# Activity
Among the entries below, one line contains "Now the procedure." and another contains "Guys, we are". Transcribe those two lines and every line between them, exactly.

# Provided entries

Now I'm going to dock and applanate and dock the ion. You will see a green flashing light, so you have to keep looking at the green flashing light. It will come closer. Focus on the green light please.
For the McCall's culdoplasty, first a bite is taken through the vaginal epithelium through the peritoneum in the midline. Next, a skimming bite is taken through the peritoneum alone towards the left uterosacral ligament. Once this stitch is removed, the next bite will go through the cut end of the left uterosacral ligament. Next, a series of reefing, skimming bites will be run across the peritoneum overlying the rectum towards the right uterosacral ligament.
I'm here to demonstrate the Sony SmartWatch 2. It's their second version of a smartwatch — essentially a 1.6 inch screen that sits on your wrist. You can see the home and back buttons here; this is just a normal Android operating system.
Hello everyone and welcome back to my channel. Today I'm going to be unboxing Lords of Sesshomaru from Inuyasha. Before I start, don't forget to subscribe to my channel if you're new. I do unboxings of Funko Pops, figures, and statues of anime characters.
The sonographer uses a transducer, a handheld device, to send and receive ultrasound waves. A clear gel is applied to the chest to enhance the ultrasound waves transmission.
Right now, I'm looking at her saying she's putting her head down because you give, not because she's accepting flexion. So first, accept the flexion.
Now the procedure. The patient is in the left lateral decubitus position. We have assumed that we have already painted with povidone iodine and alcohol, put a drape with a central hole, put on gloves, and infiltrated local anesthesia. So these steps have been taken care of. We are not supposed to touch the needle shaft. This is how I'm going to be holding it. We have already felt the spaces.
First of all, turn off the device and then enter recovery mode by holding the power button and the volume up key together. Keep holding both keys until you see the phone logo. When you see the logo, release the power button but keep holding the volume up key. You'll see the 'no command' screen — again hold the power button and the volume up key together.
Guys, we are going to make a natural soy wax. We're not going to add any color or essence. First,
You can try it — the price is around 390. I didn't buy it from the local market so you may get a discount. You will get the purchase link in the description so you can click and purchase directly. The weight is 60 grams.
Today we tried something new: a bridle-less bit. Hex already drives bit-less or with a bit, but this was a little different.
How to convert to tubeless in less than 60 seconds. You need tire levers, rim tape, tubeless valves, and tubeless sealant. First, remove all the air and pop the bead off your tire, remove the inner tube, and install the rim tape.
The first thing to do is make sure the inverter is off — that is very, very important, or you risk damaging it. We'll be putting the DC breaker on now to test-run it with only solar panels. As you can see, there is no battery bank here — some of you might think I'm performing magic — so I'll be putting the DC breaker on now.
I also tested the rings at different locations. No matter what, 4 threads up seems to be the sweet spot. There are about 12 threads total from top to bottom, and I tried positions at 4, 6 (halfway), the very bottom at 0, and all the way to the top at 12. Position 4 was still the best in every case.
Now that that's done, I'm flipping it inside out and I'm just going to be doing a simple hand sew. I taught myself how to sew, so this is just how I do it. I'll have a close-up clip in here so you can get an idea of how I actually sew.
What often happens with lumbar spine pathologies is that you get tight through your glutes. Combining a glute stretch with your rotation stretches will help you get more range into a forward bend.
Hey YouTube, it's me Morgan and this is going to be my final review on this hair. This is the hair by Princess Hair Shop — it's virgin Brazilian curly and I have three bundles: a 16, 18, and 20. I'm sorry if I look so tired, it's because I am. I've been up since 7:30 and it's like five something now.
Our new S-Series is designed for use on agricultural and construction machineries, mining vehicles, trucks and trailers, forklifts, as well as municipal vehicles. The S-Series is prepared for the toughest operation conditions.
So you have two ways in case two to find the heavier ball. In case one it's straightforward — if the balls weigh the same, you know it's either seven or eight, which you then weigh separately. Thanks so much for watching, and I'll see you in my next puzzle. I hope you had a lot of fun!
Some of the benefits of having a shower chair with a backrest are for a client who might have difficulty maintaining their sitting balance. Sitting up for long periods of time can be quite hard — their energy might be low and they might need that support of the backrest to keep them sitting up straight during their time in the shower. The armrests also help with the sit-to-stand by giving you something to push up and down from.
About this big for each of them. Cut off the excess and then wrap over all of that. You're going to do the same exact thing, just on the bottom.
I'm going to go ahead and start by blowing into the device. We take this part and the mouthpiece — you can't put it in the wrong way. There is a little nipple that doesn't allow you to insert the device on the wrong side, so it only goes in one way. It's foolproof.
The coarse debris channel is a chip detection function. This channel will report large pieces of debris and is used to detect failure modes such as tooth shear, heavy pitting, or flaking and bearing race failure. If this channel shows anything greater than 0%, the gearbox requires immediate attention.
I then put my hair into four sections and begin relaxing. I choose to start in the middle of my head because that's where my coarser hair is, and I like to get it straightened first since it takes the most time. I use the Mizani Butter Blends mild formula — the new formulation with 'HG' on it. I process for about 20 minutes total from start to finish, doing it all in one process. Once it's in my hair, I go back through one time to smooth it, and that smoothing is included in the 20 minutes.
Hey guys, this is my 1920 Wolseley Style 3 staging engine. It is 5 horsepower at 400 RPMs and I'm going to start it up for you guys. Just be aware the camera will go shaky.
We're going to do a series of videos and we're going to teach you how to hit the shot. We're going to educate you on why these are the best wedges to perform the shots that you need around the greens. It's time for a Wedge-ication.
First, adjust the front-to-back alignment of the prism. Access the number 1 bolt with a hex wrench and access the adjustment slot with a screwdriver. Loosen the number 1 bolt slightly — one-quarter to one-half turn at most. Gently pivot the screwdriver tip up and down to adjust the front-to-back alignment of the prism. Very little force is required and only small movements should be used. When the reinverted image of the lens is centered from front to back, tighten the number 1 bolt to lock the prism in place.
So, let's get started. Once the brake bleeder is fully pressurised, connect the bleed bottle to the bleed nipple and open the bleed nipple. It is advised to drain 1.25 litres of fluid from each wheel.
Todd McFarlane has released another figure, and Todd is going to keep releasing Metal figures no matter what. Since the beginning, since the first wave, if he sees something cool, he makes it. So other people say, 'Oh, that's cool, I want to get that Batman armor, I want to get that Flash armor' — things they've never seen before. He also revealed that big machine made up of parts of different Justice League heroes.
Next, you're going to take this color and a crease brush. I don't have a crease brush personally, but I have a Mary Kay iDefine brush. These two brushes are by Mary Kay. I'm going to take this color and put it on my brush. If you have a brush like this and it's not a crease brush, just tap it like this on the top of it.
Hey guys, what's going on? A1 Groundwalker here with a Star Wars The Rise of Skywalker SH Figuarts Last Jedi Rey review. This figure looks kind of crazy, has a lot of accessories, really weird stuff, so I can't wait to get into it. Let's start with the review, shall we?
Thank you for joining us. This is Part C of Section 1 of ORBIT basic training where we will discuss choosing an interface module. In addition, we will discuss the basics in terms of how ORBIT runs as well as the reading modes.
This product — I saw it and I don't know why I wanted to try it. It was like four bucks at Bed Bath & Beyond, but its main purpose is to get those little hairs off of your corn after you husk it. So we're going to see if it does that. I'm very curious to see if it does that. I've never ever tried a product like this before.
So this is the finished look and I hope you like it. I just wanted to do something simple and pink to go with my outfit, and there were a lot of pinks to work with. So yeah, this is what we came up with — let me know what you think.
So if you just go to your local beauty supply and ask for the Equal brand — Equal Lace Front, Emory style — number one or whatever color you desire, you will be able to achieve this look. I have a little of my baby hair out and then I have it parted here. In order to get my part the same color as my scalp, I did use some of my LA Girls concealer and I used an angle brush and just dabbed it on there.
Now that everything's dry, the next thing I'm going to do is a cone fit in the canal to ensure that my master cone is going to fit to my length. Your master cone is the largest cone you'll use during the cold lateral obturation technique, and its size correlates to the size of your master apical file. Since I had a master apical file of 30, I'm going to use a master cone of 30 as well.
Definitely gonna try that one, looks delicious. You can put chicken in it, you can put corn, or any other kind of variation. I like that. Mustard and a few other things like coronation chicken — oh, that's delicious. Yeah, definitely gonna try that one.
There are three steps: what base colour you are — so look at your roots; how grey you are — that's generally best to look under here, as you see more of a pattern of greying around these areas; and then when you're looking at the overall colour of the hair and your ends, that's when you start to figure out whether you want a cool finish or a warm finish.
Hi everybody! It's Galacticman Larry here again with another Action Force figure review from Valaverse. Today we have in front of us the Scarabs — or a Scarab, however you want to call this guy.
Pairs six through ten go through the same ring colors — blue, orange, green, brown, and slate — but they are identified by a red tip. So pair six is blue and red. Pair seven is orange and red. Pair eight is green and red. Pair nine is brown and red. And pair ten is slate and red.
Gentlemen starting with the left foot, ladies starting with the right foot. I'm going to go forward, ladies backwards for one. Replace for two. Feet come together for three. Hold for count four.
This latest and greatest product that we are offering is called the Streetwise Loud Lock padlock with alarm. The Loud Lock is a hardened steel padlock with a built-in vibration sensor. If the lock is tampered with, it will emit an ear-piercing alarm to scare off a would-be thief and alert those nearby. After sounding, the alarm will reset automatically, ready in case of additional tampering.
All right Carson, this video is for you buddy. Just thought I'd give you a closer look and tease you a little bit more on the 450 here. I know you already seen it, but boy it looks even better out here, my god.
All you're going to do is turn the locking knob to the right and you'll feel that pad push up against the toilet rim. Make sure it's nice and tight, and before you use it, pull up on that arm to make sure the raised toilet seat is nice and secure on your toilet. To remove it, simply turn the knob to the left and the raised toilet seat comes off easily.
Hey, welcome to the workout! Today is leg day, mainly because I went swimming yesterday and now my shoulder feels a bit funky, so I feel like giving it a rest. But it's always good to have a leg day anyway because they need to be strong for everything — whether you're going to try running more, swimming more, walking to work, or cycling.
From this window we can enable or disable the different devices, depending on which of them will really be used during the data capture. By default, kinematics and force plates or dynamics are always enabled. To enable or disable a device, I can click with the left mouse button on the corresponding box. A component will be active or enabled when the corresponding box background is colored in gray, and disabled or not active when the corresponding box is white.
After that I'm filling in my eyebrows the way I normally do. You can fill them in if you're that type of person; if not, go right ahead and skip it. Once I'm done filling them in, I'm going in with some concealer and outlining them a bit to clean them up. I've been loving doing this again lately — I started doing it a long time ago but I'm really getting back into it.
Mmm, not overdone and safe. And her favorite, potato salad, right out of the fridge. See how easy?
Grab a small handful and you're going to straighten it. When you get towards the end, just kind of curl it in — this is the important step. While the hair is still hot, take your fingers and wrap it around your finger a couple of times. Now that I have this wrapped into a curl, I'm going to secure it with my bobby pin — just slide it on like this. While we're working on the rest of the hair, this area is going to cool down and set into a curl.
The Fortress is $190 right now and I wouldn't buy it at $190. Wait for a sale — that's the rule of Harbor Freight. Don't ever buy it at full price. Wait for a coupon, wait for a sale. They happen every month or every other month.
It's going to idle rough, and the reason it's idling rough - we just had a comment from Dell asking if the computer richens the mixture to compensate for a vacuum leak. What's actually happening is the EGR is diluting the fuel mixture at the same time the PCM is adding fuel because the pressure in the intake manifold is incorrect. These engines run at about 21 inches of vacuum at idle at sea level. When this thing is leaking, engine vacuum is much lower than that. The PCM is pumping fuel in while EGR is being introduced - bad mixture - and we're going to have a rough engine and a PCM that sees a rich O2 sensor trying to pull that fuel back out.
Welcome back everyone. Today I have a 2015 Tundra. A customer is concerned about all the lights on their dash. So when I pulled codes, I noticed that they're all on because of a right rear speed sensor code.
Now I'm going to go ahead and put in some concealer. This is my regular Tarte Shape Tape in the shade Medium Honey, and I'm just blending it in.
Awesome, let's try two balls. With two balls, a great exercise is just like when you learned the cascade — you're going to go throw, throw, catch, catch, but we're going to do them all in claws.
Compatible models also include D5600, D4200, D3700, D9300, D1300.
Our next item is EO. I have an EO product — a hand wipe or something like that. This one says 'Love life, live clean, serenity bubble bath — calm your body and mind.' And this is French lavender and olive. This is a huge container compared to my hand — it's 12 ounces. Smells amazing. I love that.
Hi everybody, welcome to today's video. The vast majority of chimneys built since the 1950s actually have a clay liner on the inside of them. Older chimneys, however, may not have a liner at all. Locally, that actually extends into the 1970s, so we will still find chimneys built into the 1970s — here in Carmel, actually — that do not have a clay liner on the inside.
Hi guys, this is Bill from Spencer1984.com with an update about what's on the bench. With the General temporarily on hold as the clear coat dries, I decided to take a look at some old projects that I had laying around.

# Answer for this exercise
Now the procedure. The patient is in the left lateral decubitus position. We have assumed that we have already painted with povidone iodine and alcohol, put a drape with a central hole, put on gloves, and infiltrated local anesthesia. So these steps have been taken care of. We are not supposed to touch the needle shaft. This is how I'm going to be holding it. We have already felt the spaces.
First of all, turn off the device and then enter recovery mode by holding the power button and the volume up key together. Keep holding both keys until you see the phone logo. When you see the logo, release the power button but keep holding the volume up key. You'll see the 'no command' screen — again hold the power button and the volume up key together.
Guys, we are going to make a natural soy wax. We're not going to add any color or essence. First,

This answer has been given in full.